BDO is sterk aanwezig als adviseur van familiebedrijven, in de gezondheidssector en voor lokale en regionale overheidsorganisaties. Net omdat BDO vooral actief is in het familiebedrijf, zijn de tarieven voor gespecialiseerde diensten lager dan die van de Big Four. De omzet per BDO-medewerker (137.000 euro) is dan ook lager dan bij de meeste grotere organisaties. Logisch dat medewerkers bij BDO een beetje minder verdienen. BDO-adviseurs maken wel sneller carrière.

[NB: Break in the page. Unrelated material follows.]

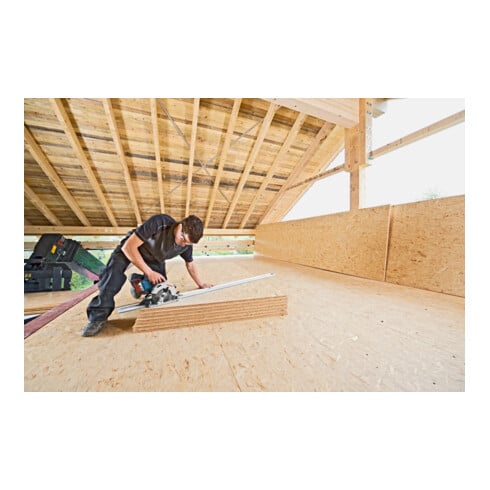 Bosch accu-cirkelzaag GKS 18V-57 G met 2 x 4,0 Ah Li-Ion-accu L-BOXX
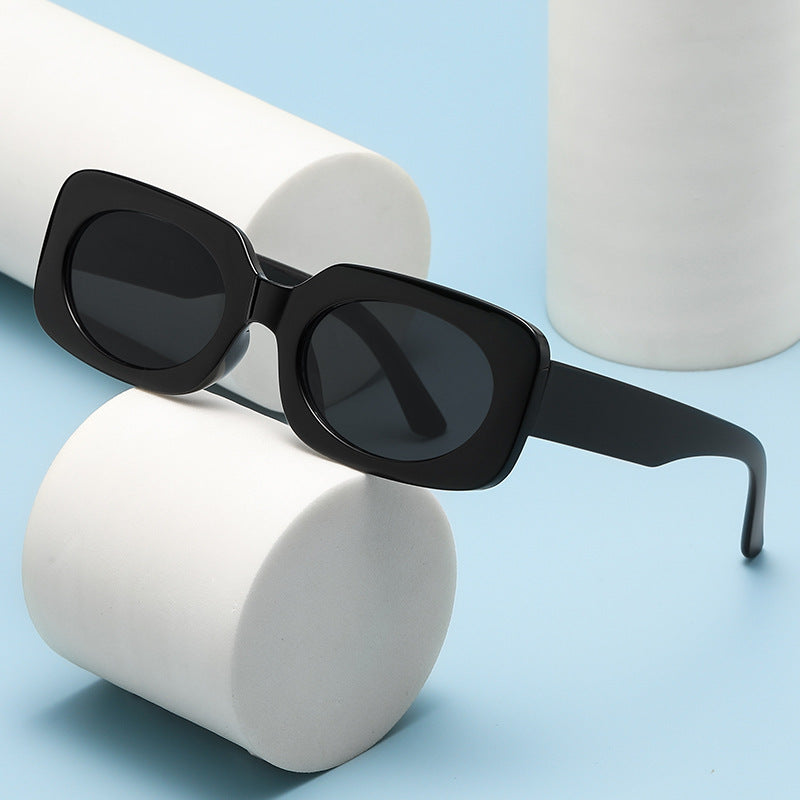 Damen Modische Sonnenbrille mit einzigartigem transparentem Rahmen Karnz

Met één partner op acht medewerkers zijn de vooruitzichten op dat vlak een stuk beter dan bij de Big Four, waar één op de twintig geen uitzondering is.

“Onze personeelscultuur is helemaal anders dan bij de grotere concurrenten”, zegt Wilmots. “Zij nemen soms een resem pas afgestudeerde briljante studenten aan, van wie een groot deel binnen het jaar mag opstappen. Bij ons vertrekken er slechts een paar nieuwelingen. We hebben een retentiegraad van 84 procent, wat hoog is. Ons personeelsbeleid is toch wat humaner.”

Een mooi voorbeeld daarvan is de verwerking van de crisis. BDO bereikte met zijn medewerkers een akkoord dat ze enkele weken gratis zouden werken om ontslagen om economische redenen te vermijden. “Bij grote kantoren was het vijf jaar geleden elke vrijdag bang uitkijken of je maandag nog wel zou moeten komen”, herinnert Wilmots zich. “Het verschil in aanpak is doorgesijpeld. Vijf jaar geleden liepen de studenten ons op de universitaire introductiedagen straal voorbij. Nu komen ze recht naar ons. Wij sluiten beter aan op de nieuwe generatie, die wel hard wil werken maar ook nog van het leven wil genieten. Veel medewerkers van andere kantoren geraken gedegouteerd door hun harde mentaliteit en stappen over naar ons.”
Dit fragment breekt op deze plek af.